I read this book around two years back during my MBA entrance preparation. It was recommended to me by one of my friends at IIM L. The book was for the purpose of enhancing Quantitative Aptitude.
It carried lot of techniques to improve quantitative aptitude. It had a nice gel of vedic mathematics and other best calculation practices. But, more than just a mathematical calculations, the book tried to give the direction to the readers regarding their very attitude. The following were the three approaches the author considered.
He is a guy who is systematic and cautious, and solves problems using conventional techniques. He believes strongly that problems have to be solved using a step by step approach. When he is solving his problems, you will see him sitting erect in his chair and holding a pen and a book. Pen and paper are his main tools. His dress sense impresses his grandparents. He prefers rice and sambar, or rotis and curry for his lunch. He believes in the “ early to bed and early to rise” principle, and never sleeps in between.

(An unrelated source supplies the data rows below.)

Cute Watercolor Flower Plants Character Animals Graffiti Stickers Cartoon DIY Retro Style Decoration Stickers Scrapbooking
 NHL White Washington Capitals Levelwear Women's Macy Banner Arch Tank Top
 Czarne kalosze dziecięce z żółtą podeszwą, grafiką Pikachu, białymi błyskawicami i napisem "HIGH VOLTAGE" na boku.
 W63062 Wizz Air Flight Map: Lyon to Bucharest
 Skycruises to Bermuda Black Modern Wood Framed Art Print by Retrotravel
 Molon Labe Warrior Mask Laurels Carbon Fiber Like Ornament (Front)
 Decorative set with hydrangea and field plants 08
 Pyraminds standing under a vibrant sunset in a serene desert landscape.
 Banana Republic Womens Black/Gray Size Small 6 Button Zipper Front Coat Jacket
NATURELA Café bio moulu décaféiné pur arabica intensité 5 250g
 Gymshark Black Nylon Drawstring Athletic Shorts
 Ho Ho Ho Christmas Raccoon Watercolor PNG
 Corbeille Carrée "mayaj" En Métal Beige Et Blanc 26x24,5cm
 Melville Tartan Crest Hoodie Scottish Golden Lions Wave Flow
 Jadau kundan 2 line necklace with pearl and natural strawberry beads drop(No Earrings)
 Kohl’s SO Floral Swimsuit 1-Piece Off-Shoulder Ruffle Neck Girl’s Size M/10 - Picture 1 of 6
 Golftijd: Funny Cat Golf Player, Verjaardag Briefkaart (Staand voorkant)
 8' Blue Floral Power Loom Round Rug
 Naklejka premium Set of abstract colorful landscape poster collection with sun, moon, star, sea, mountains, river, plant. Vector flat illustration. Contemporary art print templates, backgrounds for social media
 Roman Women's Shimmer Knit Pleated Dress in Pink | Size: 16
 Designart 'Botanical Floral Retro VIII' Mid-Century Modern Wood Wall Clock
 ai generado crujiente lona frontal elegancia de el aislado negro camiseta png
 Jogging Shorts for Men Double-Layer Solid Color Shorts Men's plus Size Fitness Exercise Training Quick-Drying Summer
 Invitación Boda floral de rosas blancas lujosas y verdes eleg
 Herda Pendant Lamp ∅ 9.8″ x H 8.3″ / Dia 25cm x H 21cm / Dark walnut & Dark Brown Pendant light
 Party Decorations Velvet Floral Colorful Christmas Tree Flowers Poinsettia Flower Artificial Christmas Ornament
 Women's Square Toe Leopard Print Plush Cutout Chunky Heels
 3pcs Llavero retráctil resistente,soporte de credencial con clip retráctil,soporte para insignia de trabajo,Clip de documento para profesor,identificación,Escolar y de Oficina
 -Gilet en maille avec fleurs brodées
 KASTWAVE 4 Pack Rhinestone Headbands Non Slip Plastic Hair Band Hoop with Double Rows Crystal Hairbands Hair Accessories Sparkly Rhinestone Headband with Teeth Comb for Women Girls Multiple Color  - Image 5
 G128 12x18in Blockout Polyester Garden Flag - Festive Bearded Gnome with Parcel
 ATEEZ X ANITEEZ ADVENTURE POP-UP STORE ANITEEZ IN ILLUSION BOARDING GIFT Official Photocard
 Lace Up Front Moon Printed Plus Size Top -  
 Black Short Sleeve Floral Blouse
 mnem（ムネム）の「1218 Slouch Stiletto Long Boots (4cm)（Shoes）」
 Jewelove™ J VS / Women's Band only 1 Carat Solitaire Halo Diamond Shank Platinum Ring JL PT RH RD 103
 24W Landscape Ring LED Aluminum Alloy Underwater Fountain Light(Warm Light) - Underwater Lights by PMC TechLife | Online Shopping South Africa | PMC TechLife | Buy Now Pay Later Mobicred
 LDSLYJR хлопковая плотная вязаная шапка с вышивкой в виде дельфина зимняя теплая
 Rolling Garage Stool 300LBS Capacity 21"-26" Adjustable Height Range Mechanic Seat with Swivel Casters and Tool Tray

Our friend fundu oloves to play around with fundamentals. He experiments with the fundamentals in any problem, till he is convinced of better methods. He does not care for the conventional approach; however, he respects the basics. It is very difficult for anyone to make out what he has written, as he enjoys writing different approaches in his own style. He dresses normally, but with many little variation as a zip instead of buttons for his shirts and one or two pockets in hidden places.
The punter is strictly result oriented person, who careds a damn for method. He usually starts solving problems from the answer, choices. Rather than going deep into the problem, he tries to read the examiner’s minds. He hates using pen and paper for solving problems. His one and only objective is to crakc the problem in the shortest possible time without writing anything on paper.
His dressing style irritates his parents and grandparents. He eats whenever he is hungry, and sleeps whenever he feels like. He prefers odd combinations like chapatis with jam or bread with sagu etc.
On getting aware about these three approaches, the book didn’t only helped me to improve my quantitative calculations, but also my approach towards life. Earlier I used to be more like a Pandit, but now I am more like Punter.
This book had an ever ending impact on my life. And I would recommend it to every CAT or GMAT aspirant.